A criminology professor is invited to provide his insight into a series of meticulously planned murders that blur the lines between legality and morality.
Not having watched a Greek film in years, I’ll admit that this one was a pleasant surprise. Sotiris Tsafoulias writes and directs a cerebral but also existential ‘whodunit’ film where the protagonist (Pigmalion Dadakaridis) races against time to find clues about murders that wake up demons of his own. Very interesting story with an, inevitably, convoluted development. Maybe too convoluted though on this occasion. Being spoiler-free, I’ll try to be as less vague as possible.
To me, it becomes a major issue the fact that the killer has not the relevant background to perform the murders in such a manner. Either I missed it or it is not explained properly how such knowledge has been gained. When you do watch it, please let me know if I missed it somehow. Secondly, and this has been an ongoing problem in the Greek cinema, the acting is quite stiff or flat. But this is not necessarily only the actors’ fault as directing, to a certain extent, dictates the thespians’ acting. For example, Ioanna Kolliopoulou (Sophia) – 2018 Winner of the ‘Melina Merkouri Theater Award’ – is a very expressive young theatrical actress who could have served as the protagonist’s ‘driving force’. Something that here is not obvious at all. Thirdly, and this is again a major one, the editing. The editing, among other things, defines the film’s pace and rhythm and, especially in films like The Other Me, carefully reveals not the information the audience wants to know but the information they need to know when they need to know it. Here, the editing is reasonably misleading – as it should have been, but the film’s rhythm and pace are monotonous. Something that heavily reflects on the film’s mood.
Actors Pigmalion Dadakaridis, and Giorgos Chrysostomou (Manthos Kozoros) stand out for their performances. Director of Photography Giorgos Mihelis creates an excellent noir atmosphere and an also excellent mise-en-scène. Last but not least, I give a round of applause to the Makeup Department; spot-on job!

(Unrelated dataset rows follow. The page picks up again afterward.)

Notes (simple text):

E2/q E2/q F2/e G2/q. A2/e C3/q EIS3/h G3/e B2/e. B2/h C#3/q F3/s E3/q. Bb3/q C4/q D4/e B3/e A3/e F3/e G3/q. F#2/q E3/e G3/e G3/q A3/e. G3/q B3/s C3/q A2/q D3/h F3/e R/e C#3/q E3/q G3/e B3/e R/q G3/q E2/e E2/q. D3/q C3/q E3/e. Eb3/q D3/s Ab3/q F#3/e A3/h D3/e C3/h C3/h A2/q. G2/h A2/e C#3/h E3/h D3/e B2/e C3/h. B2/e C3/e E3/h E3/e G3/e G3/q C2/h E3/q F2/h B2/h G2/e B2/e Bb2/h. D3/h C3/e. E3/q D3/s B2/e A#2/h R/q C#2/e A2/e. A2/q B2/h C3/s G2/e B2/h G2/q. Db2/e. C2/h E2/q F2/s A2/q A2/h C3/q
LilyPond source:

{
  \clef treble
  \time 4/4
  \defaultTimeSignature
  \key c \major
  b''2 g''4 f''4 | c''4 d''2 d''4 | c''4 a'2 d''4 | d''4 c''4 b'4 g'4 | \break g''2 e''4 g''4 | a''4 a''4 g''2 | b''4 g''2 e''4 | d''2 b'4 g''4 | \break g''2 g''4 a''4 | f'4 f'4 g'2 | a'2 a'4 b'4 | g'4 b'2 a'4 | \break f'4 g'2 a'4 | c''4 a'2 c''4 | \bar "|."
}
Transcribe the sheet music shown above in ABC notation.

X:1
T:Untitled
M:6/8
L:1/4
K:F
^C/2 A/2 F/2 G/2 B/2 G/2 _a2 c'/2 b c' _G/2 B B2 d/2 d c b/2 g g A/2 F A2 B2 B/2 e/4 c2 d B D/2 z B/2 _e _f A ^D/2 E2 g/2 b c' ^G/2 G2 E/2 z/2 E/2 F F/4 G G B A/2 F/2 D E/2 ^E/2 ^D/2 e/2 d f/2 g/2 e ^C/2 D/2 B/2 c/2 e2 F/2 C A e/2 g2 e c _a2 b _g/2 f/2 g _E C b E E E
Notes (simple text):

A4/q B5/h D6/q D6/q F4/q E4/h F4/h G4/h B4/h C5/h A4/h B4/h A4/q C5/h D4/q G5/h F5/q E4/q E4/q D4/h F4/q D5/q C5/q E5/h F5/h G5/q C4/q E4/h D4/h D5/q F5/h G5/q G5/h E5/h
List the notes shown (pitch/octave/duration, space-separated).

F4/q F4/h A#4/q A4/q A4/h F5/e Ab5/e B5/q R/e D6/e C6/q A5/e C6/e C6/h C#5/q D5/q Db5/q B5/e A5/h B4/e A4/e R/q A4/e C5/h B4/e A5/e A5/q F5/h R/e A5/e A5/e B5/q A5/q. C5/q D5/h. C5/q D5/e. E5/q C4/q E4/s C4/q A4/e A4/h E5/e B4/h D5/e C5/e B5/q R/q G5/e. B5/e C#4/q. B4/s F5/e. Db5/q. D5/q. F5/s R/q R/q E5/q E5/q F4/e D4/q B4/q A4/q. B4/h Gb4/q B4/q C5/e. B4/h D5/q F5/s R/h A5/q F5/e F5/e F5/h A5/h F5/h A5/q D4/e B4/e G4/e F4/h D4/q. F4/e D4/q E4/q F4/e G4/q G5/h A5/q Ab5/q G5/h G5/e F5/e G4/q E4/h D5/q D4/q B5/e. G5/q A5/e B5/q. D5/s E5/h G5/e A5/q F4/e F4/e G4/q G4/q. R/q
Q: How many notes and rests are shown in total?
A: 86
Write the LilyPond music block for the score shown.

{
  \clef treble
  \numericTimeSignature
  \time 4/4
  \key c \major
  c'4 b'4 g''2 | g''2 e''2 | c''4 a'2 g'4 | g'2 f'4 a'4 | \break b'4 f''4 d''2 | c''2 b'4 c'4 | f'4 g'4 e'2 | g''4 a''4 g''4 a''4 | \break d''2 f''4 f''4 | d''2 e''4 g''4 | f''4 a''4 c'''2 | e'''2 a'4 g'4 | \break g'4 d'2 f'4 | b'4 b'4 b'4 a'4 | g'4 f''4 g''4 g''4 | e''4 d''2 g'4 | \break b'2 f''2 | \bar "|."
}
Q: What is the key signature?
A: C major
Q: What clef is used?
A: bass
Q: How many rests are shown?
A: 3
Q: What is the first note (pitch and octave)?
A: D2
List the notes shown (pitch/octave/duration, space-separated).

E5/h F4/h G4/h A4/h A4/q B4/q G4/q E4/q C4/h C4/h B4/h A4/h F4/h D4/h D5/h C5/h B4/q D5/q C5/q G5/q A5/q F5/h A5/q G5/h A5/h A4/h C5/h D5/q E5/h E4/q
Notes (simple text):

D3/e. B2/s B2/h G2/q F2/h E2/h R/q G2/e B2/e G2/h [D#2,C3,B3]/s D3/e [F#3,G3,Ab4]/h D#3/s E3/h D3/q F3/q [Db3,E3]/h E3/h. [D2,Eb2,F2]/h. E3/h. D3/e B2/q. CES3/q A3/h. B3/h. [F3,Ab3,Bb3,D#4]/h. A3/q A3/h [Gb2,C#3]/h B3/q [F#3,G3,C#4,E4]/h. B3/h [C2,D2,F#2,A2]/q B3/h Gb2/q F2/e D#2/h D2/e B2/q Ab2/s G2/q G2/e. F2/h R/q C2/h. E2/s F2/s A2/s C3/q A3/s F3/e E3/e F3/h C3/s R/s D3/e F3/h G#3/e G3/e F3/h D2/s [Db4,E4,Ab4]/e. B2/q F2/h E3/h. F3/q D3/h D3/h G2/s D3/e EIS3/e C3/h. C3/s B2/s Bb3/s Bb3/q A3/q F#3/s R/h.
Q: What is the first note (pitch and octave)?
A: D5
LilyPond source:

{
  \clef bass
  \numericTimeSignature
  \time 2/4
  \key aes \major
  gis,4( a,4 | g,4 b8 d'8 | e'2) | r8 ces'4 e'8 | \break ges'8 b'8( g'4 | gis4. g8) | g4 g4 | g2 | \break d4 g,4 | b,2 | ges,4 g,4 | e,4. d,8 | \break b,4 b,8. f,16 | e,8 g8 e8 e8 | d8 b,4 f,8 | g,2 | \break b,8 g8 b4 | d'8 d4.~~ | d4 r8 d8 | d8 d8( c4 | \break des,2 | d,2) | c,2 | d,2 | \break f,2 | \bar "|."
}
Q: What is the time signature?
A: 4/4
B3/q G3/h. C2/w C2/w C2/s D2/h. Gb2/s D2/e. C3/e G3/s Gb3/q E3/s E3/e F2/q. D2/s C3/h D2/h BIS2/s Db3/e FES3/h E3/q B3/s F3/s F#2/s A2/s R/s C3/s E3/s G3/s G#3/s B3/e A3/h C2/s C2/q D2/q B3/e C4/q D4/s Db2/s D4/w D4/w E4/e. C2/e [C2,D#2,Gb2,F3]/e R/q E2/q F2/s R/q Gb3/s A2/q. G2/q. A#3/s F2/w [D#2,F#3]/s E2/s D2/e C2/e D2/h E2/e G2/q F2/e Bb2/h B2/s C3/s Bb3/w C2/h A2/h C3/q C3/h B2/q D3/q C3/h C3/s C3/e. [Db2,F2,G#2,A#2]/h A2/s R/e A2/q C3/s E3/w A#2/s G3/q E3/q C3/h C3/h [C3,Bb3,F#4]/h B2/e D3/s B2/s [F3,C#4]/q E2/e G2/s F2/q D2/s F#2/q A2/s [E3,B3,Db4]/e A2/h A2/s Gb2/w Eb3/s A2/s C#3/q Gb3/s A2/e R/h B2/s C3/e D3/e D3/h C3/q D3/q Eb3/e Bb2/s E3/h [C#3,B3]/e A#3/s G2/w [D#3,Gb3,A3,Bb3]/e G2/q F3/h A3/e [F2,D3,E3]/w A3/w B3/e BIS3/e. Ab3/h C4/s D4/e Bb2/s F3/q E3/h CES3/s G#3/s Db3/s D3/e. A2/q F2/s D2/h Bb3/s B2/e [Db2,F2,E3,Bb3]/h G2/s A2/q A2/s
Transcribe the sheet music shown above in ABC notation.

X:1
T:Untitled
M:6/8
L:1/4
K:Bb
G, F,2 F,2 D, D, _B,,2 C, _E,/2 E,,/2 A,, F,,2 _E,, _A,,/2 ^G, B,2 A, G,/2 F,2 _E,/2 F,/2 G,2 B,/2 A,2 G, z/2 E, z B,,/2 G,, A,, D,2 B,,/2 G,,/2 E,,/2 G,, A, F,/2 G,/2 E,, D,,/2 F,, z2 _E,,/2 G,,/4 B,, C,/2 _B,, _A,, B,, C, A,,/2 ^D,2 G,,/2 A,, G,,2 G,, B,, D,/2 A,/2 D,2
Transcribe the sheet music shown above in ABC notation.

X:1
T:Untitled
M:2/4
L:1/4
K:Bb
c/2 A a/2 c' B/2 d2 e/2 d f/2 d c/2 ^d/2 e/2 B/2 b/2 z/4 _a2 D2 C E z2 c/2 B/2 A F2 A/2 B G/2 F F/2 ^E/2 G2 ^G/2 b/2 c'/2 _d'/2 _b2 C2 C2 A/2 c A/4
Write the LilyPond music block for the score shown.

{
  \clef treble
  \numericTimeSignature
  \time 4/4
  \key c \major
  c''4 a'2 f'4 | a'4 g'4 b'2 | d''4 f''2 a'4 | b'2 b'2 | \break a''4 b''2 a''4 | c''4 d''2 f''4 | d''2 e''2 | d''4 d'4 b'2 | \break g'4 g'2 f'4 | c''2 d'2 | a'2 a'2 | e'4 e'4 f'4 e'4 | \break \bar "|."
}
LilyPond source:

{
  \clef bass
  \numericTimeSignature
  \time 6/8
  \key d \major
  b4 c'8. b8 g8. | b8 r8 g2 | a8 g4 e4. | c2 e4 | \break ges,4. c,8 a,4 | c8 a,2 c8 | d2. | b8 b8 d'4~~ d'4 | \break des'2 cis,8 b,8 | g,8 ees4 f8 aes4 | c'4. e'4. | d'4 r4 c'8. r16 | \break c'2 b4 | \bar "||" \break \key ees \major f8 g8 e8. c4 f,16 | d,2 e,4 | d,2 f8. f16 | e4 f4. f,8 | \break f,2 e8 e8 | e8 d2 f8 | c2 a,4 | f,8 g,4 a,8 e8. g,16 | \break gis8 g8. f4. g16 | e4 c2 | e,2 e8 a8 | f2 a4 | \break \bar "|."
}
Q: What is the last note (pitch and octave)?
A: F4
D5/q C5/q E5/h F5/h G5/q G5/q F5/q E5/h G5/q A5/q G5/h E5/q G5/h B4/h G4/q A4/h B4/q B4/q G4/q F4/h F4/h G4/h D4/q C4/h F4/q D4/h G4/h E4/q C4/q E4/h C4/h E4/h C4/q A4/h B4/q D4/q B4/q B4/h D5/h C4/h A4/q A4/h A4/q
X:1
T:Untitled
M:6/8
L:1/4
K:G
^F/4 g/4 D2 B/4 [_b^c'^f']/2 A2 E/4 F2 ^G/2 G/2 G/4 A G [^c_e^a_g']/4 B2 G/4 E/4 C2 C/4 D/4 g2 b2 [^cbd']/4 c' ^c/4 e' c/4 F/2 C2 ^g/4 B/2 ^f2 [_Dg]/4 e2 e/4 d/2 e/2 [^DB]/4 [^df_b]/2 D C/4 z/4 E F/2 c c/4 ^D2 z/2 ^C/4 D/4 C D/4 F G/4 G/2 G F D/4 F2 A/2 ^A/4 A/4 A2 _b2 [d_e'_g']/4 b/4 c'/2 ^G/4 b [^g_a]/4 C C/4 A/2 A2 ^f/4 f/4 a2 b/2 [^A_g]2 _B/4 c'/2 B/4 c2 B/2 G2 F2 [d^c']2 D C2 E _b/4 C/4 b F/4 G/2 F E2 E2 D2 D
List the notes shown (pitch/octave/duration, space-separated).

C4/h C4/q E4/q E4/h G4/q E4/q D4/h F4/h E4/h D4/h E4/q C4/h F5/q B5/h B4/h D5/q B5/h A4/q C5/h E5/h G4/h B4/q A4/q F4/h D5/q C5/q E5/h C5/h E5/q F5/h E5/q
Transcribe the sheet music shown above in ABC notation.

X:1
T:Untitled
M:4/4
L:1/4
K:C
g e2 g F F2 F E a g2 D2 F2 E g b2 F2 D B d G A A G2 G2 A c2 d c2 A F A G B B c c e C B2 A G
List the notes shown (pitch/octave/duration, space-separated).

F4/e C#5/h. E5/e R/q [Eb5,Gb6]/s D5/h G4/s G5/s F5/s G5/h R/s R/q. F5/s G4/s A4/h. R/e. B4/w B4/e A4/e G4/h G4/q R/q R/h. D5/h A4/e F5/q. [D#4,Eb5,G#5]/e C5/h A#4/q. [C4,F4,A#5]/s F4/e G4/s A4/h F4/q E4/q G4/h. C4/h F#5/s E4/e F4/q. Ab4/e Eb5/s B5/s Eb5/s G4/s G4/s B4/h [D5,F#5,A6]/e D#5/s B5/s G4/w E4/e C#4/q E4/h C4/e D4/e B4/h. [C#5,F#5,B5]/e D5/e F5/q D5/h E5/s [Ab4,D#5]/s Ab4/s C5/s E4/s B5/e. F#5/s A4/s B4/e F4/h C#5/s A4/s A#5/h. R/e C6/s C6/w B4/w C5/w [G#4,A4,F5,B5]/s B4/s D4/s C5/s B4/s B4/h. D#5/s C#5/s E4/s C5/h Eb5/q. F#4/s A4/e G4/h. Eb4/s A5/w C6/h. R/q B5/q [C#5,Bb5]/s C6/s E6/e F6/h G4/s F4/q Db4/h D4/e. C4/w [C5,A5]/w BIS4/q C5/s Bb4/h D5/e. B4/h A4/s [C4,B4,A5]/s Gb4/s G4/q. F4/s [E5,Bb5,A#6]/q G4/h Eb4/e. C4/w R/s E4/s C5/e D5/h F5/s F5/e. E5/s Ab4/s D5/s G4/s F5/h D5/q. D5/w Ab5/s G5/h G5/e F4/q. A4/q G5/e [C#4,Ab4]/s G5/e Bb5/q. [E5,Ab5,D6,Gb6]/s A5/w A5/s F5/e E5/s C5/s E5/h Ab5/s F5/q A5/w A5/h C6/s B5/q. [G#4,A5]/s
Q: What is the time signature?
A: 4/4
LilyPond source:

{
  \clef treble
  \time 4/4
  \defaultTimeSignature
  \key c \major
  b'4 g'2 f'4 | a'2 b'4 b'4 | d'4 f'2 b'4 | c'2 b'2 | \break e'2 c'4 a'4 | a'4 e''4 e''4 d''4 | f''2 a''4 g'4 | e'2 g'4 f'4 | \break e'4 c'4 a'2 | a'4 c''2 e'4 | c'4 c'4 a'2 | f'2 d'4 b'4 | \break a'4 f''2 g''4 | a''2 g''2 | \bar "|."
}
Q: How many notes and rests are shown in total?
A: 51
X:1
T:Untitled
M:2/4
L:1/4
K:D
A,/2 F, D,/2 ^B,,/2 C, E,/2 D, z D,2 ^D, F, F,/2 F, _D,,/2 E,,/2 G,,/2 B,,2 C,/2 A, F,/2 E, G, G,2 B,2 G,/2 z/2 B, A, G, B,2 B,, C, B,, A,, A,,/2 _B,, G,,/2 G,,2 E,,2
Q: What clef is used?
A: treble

I definitely recommend you to watch it as I know very well how hard it is in Greece to make a film and trust me when I say that The Other Me is an achievement. Money shortage, production companies lacking the know-how, and a series of governments who couldn’t give two s%#@& about the Greek film industry prevent the artists from unfolding their true talents. On a final note, I hope the Greek cinema develops an identity, mixing the influences coming from the world cinema with genuine Greek elements that one day will lead to a wider distribution.